Burt Siegel, the executive director of the Philadelphia Jewish community relations council, said it was impossible to know for sure whether the Wright issue tipped the Jewish vote. But Siegel said he was confident that much of the divide between Obama and Clinton was generational, mirroring trends in the wider electorate.
“I know it was generational just from conversations at my Passover seder,” Siegel said. “All the younger people were really excited about Obama.”
Obama told the Jewish leaders on April 16 that many of the concerns raised about him have been generated by “scurrilous e-mails,” as well as by the fact that his middle name is Hussein and that he is an African American in an era of strained relations between the black and Jewish communities on some issues.

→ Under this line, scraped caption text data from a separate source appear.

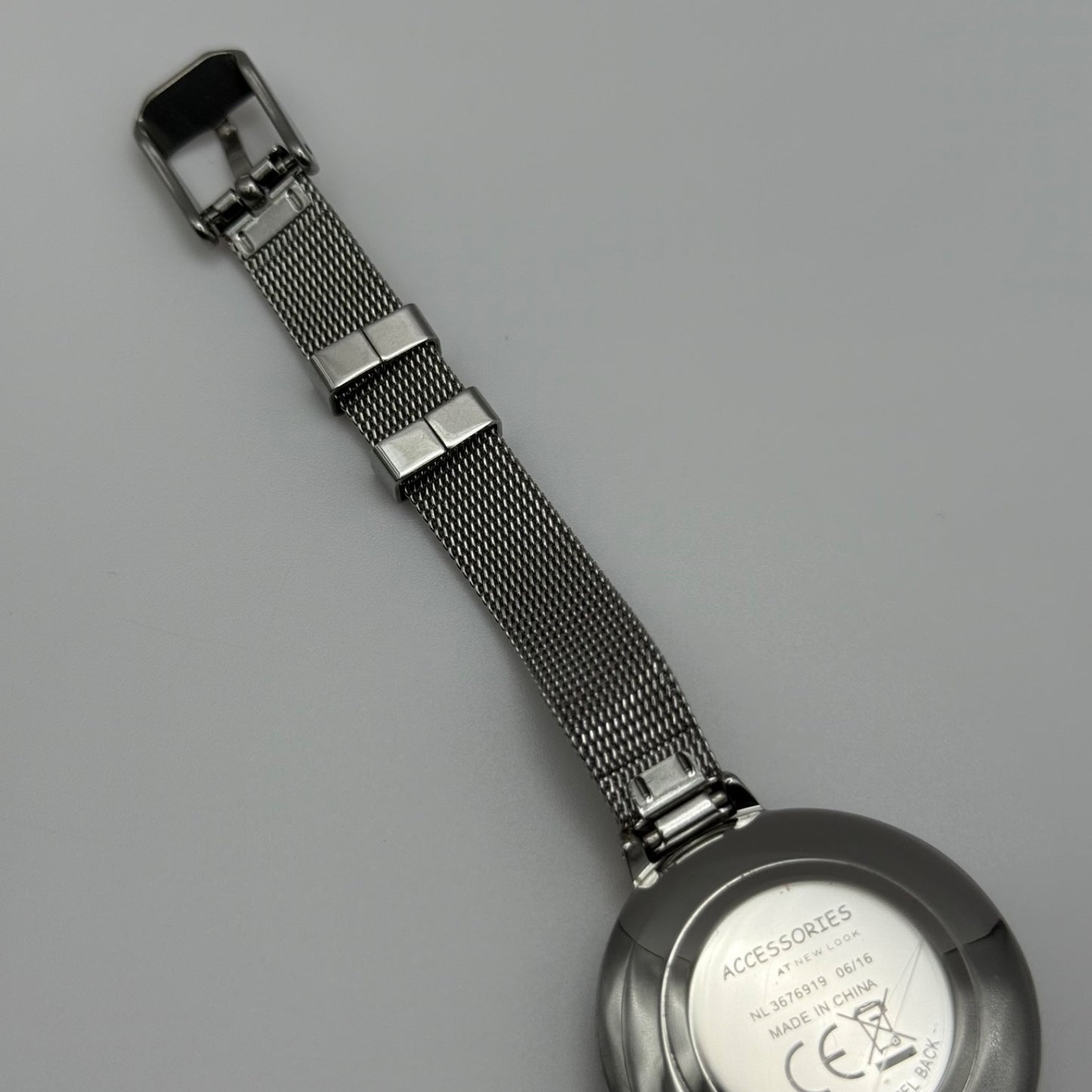 Working  Ladies Accessories Silver Tone Adjustable Mesh Strap 34mm Quartz Watch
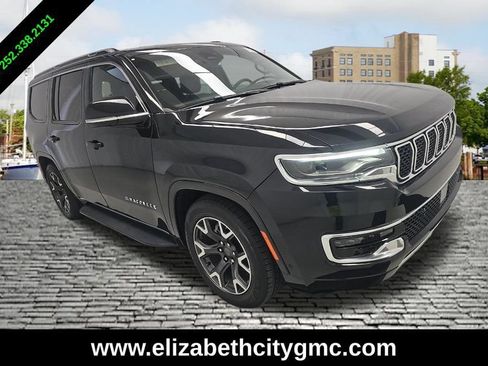 Used 2024 Jeep Wagoneer Series III AWD/4WD image 1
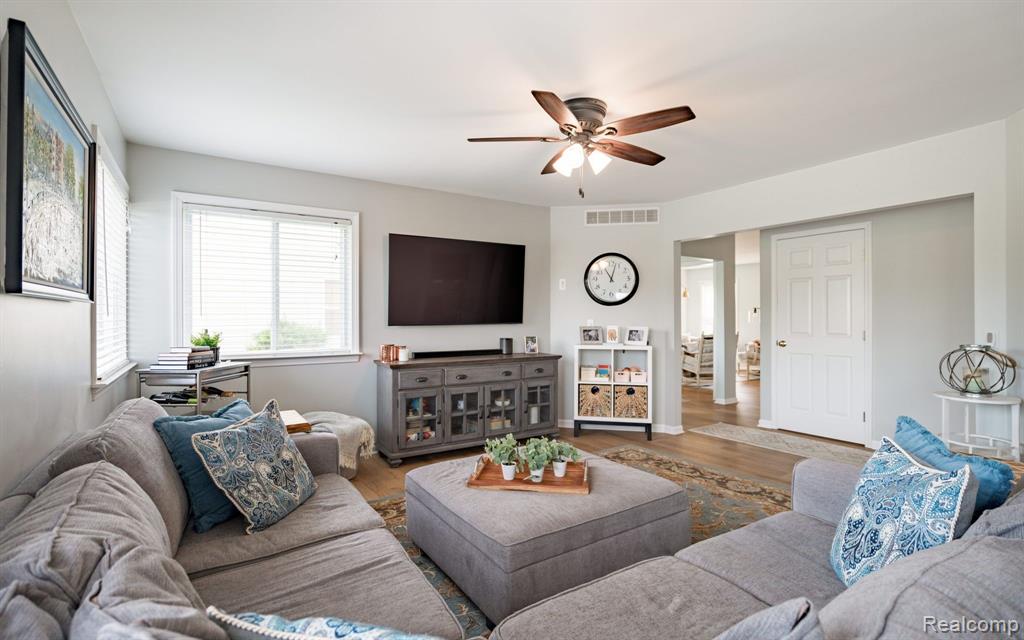 1770 SAVANNAH Lane, Ypsilanti, MI 48198 — Photo 18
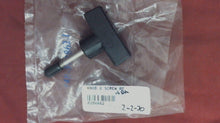 OEM Johnson Evinrude .398862 Knob & Screw Assembly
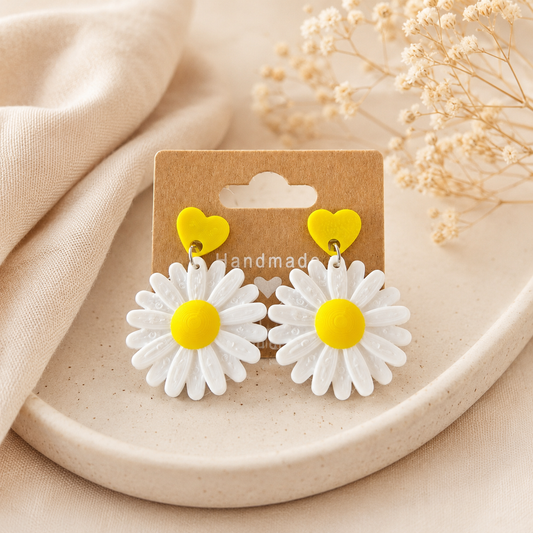 Sweet Daisy Heart Earrings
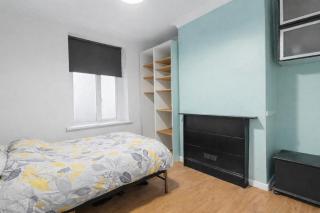 Cardiff City Centre House - 4
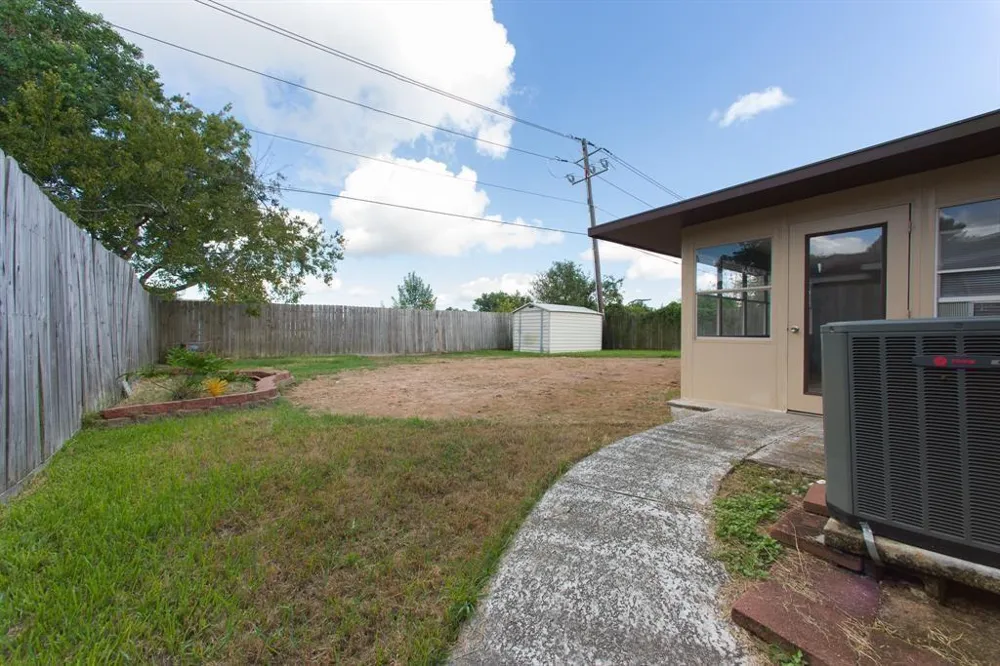 16031 Windom Drive Hockley, TX 77598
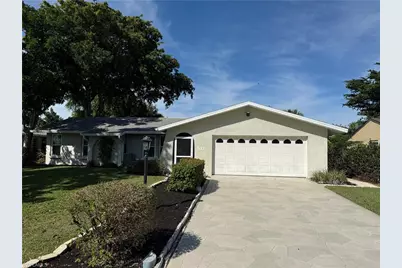 537 Landmark Dr, Naples, FL 34112 - Photo 2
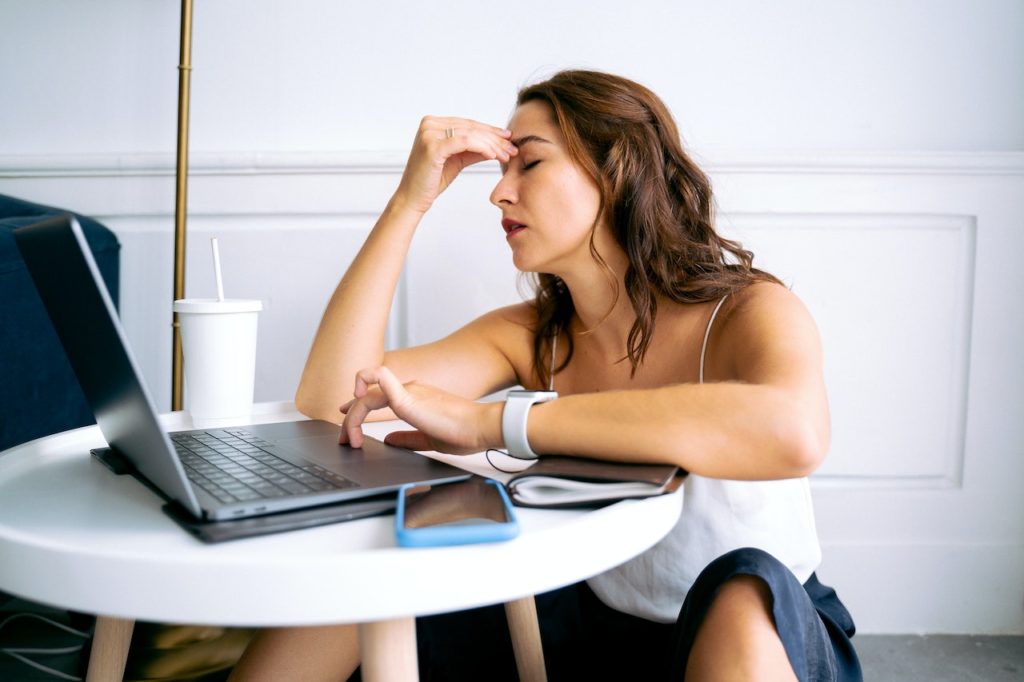 5 Signs You're Burned Out & Overworked And What to Do About It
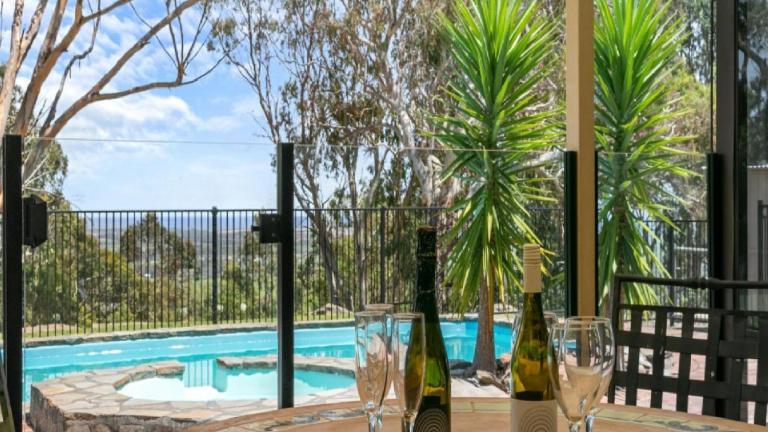 Southern Vales Sunsets by Wine Coast Holidays - B&B Willunga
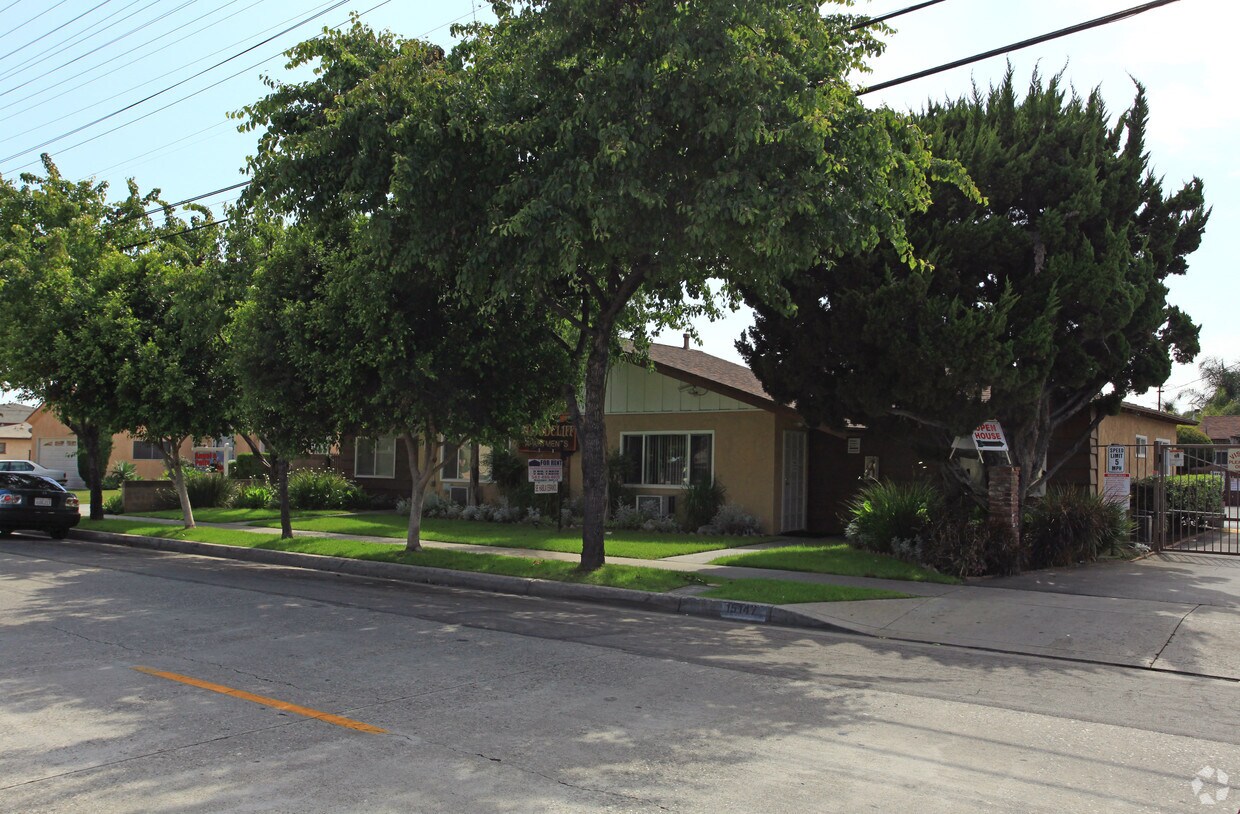 Building Photo - Woodcliff Apartments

“I just want to emphasize I guess what’s in my heart, which is that my ties to the Jewish community are not political,” he said. “There’s a kinship and a sense of shared commitments that pre-dates my politics and will extend beyond this particular election.”
Clinton’s victory on Tuesday, while not doing much to break into Obama’s lead in votes and pledged delegates, will nevertheless enable her to persevere at least through the next round of primary contests. Indiana and North Carolina will hold their primaries May 6.
But the continuing uncertainty surrounding the Democratic nomination battle has begun to worry some activists, who caution it may harm the party in November in the general election against the presumptive Republican candidate, U.S. Sen. John McCain (R-Ariz.).
“The main issue among all Jewish Democrats is a sense of coming together for November,” Sheerr told JTA. “I think there’s a tremendous amount of concern about healing within the party no matter what happens and an attempt to keep our eye on the ball, which is beating McCain.”